Abstract

Drug-resistant TB: a new scourge Extensively drug-resistant (XDR)-TB was first described in March 2006 by the US CDC and the WHO [1]. At first it was defined as resistance to isoniazid and rifampicin, as well as three of the six classes of second-line drugs, but more recently the definition has become more sophisticated [2]. An outbreak in September 2006 attracted the attention of the international medical community. A total of 53 cases of XDR-TB were confirmed in Tugela Ferry, a town in the South African province of KwaZulu-Natal. Of the patients tested, all were HIV positive. This strain was remarkably aggressive: median survival from the time of sputum collection was just 16 days [3]. XDR-TB has now been isolated on five continents.

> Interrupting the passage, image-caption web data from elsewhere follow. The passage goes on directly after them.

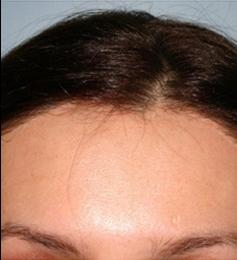 Hair Line Lowering before and after photos in San Francisco, CA, Patient 13925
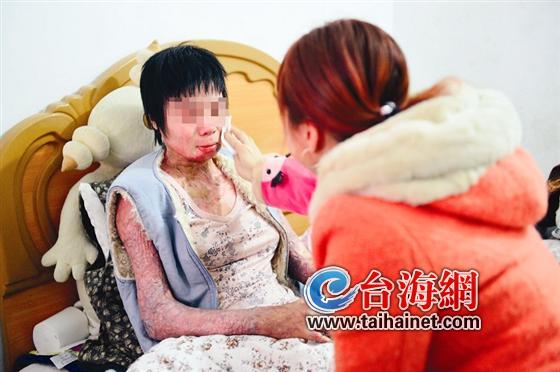 今非昔比，晓晓只能躺在出租房里养伤
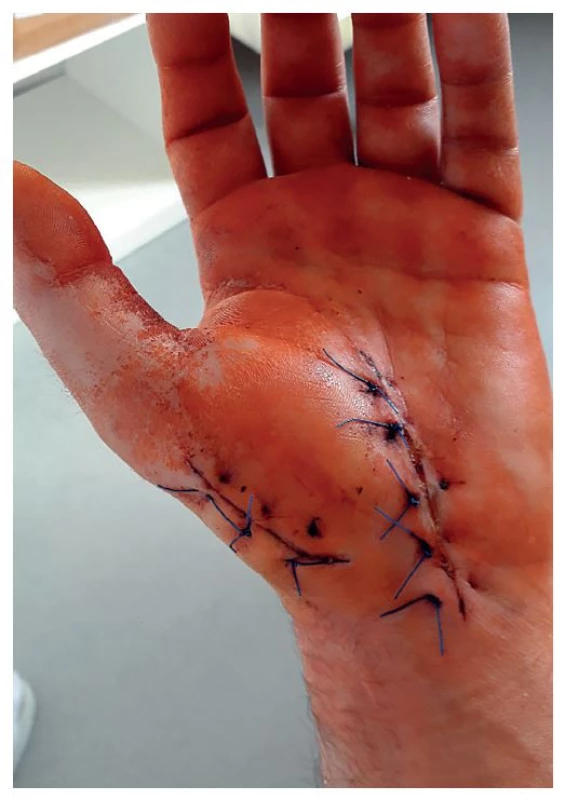 Levá ruka, 8. pooperační den<br>
Fig. 7: Left hand, postoperative day 8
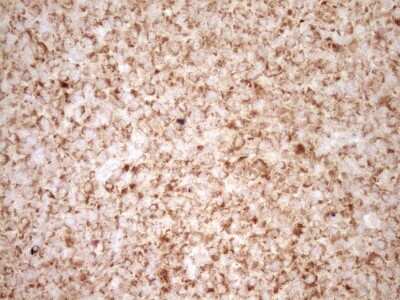Immunohistochemistry: Bcl-2 Antibody (OTI9D3) [NBP2-46567]
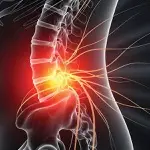 SCS Showing Promise for Managing Low Back Pain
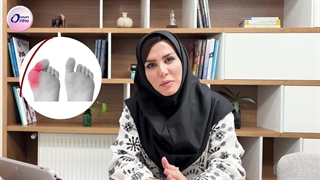 انحراف شست پا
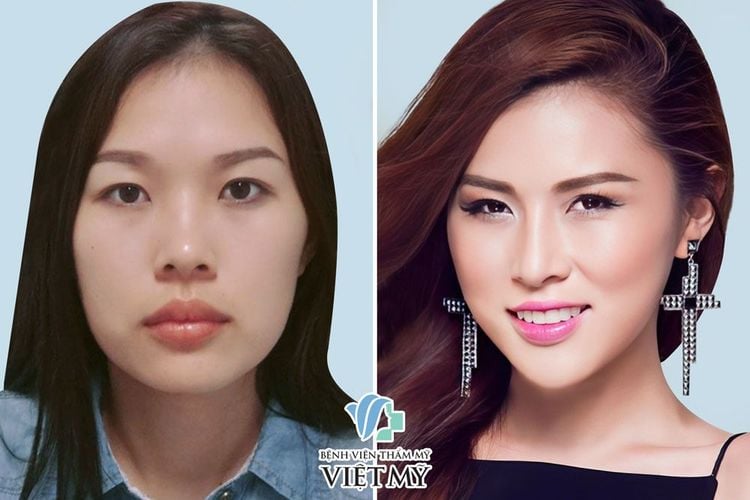 Miss Bikini Kim Yến trước và sau khi đặt mũi, nâng cằm và phẫu thuật thẩm mỹ toàn diện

The first case to attract the attention of the mass media was the story of ‘the TB guy’. This high-profile incident in May 2007 involved Andrew Speaker, a personal-injury lawyer from Atlanta. Speaker took international flights – first to Greece to get married, then to Rome for his honeymoon before the CDC raised the suspicion that he was infected with XDR-TB. The CDC mounted a fraught operation to quarantine him in Europe and the media followed his every movement. Desperate to return to the US and unable to afford private airline travel, Speaker defied advice by returning to the US on a commercial airline. Although this action attracted fierce criticism, Speaker’s diagnosis was later confirmed as the more treatable multidrug-resistant (MDR)-TB [101].